Discours sur la première décade de Tite-Live/Livre premier/Chapitre 11

Livre premier
Traduction par Jean Vincent Périès.
Discours sur la première décade de Tite-Live, Texte établi par Ch. LouandreCharpentier (p. 166-170).



CHAPITRE XI.


De la religion des Romains.


Rome eut Romulus pour premier fondateur, et lui dut, comme à un père, et sa naissance et son éducation ; néanmoins les cieux ne jugeant pas que les institutions de ce prince pussent suffire aux grandes destinées de cet empire, inspirèrent au sénat l’idée de choisir Numa pour lui succéder, afin que toutes les lois que Romulus n’avait pas données fussent établies par ce nouveau monarque.

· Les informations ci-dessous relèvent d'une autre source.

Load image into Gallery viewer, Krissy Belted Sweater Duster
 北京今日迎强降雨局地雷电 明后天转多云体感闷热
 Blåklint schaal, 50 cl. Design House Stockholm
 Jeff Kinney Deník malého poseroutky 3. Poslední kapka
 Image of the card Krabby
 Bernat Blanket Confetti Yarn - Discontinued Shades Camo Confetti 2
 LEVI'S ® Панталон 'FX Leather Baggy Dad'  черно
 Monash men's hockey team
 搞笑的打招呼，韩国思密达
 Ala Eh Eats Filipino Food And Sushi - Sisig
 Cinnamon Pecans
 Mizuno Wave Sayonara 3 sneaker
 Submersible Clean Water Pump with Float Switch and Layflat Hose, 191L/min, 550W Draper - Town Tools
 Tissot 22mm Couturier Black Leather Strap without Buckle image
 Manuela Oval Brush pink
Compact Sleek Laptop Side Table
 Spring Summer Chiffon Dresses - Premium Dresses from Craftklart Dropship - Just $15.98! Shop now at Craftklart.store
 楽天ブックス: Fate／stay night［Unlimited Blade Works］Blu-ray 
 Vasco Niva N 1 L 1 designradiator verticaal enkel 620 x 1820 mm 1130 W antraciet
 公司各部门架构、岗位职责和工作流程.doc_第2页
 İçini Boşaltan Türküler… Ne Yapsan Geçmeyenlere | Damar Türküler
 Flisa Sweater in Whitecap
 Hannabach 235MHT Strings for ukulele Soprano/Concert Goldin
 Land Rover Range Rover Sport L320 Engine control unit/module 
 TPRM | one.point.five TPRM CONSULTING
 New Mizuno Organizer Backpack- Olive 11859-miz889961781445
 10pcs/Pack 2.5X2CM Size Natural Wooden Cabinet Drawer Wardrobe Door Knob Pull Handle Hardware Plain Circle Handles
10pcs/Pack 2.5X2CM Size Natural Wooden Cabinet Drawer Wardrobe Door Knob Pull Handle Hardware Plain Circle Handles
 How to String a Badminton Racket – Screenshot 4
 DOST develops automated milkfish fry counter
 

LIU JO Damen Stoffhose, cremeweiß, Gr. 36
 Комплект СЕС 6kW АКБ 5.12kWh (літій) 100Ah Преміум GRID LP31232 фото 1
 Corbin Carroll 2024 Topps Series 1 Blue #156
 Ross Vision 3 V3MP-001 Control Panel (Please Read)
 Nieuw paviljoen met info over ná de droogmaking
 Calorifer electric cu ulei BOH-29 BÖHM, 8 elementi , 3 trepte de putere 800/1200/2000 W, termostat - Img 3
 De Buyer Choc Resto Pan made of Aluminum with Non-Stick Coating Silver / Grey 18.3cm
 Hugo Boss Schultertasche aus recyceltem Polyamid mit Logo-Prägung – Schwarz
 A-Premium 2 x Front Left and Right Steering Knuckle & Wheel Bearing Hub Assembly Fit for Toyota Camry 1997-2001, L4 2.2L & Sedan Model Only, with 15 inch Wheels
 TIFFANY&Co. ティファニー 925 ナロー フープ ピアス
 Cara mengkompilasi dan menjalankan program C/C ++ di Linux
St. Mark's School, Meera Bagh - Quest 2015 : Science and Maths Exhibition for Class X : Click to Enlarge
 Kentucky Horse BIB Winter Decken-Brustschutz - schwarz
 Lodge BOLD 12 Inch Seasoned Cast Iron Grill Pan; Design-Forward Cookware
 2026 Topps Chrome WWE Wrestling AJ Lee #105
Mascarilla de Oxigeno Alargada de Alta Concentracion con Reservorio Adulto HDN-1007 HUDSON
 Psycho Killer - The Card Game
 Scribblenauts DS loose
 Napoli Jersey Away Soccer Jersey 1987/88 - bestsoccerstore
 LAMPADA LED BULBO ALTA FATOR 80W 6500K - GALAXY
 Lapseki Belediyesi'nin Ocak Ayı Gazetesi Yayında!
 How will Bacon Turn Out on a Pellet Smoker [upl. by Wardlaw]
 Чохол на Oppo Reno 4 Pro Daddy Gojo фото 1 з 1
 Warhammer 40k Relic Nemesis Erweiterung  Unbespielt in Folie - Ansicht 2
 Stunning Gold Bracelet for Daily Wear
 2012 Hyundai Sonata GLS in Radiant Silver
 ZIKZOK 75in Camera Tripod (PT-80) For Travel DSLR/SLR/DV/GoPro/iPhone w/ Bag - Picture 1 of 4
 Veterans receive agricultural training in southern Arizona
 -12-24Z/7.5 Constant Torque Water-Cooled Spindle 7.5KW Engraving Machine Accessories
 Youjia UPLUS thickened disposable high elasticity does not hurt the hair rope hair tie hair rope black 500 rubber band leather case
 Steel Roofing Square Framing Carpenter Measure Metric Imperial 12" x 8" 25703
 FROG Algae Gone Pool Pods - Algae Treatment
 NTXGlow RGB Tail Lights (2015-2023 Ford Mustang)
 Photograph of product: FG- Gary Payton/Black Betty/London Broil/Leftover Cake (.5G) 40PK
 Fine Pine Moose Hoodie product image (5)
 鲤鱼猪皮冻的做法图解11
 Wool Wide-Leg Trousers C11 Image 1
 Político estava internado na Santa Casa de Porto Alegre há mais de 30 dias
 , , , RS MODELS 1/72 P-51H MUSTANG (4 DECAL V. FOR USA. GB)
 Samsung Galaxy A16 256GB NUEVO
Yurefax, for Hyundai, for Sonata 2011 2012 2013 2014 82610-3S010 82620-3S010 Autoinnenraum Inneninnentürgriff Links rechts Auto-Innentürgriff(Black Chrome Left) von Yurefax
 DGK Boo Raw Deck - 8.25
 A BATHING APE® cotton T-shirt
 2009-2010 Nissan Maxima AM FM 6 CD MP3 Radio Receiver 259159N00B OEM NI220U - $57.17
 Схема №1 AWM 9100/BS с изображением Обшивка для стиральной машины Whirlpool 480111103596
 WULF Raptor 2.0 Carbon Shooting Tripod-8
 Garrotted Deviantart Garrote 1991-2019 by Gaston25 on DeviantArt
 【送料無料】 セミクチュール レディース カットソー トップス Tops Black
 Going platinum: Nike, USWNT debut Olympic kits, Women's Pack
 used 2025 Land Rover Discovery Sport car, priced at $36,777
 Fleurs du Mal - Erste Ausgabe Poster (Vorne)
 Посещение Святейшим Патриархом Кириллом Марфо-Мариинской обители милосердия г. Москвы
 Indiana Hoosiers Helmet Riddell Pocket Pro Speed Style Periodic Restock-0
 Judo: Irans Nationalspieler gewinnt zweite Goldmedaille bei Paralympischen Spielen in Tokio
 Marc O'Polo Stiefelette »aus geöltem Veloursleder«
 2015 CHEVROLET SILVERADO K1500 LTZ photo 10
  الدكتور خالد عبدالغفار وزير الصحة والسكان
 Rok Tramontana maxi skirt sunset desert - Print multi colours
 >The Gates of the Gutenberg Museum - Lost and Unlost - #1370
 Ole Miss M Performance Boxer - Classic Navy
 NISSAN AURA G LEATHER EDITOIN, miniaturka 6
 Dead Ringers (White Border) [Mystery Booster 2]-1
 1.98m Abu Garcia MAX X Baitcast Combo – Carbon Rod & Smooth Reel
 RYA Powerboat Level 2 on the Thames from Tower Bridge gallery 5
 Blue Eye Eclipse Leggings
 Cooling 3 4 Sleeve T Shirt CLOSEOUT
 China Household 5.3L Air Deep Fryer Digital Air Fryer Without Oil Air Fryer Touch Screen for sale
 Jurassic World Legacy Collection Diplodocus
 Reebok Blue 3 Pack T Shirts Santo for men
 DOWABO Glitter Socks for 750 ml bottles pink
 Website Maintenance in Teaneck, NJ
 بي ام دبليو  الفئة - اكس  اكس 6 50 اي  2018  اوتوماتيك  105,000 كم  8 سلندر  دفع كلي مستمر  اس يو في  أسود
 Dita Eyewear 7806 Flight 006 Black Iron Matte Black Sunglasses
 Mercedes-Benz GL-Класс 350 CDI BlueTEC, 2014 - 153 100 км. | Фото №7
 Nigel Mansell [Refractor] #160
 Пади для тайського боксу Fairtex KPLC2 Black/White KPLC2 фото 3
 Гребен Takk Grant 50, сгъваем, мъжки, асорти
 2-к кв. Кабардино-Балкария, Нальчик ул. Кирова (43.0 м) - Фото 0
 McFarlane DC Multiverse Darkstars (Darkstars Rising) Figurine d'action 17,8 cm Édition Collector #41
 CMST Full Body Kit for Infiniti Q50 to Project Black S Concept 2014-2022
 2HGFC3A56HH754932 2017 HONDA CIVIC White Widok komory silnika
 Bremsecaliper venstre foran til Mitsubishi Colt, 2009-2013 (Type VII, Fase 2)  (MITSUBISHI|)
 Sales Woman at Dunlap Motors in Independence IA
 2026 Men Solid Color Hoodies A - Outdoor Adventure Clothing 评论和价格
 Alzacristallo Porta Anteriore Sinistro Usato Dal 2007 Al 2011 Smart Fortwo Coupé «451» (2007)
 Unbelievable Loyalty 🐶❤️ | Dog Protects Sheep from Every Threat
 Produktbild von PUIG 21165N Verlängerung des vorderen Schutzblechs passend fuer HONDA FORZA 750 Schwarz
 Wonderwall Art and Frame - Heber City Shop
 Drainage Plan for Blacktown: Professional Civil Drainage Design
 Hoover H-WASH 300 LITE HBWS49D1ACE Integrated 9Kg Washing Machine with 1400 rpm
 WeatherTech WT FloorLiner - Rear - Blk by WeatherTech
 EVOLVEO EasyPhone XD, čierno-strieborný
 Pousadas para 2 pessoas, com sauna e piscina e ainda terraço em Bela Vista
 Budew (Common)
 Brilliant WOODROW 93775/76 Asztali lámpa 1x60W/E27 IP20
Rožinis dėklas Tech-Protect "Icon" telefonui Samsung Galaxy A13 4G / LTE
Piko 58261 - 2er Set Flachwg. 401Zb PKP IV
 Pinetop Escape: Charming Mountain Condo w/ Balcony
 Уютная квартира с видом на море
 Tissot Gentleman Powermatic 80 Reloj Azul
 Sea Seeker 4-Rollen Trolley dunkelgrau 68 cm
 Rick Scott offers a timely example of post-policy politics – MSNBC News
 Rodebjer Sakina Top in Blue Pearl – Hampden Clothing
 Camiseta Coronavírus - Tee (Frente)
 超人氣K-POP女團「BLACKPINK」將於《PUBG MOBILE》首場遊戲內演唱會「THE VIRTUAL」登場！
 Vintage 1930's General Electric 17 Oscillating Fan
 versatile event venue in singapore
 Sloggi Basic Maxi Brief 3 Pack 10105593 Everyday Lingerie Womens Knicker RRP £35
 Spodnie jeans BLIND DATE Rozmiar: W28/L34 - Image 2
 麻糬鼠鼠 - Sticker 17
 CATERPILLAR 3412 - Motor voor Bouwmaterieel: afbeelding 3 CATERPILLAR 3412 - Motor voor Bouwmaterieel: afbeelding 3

Il trouva un peuple farouche, et il voulut le plier au joug de l’obéissance civile, en lui faisant goûter les arts de la paix. Il tourna ses regards vers la religion, comme vers l’auxiliaire le plus puissant pour maintenir la société, et il la fonda sur de telles bases, que nulle république ne montra jamais plus de respect pour les dieux, ce qui facilita toutes les entreprises que le sénat ou les grands hommes que cette république vit naître dans son sein voulurent tenter dans la suite.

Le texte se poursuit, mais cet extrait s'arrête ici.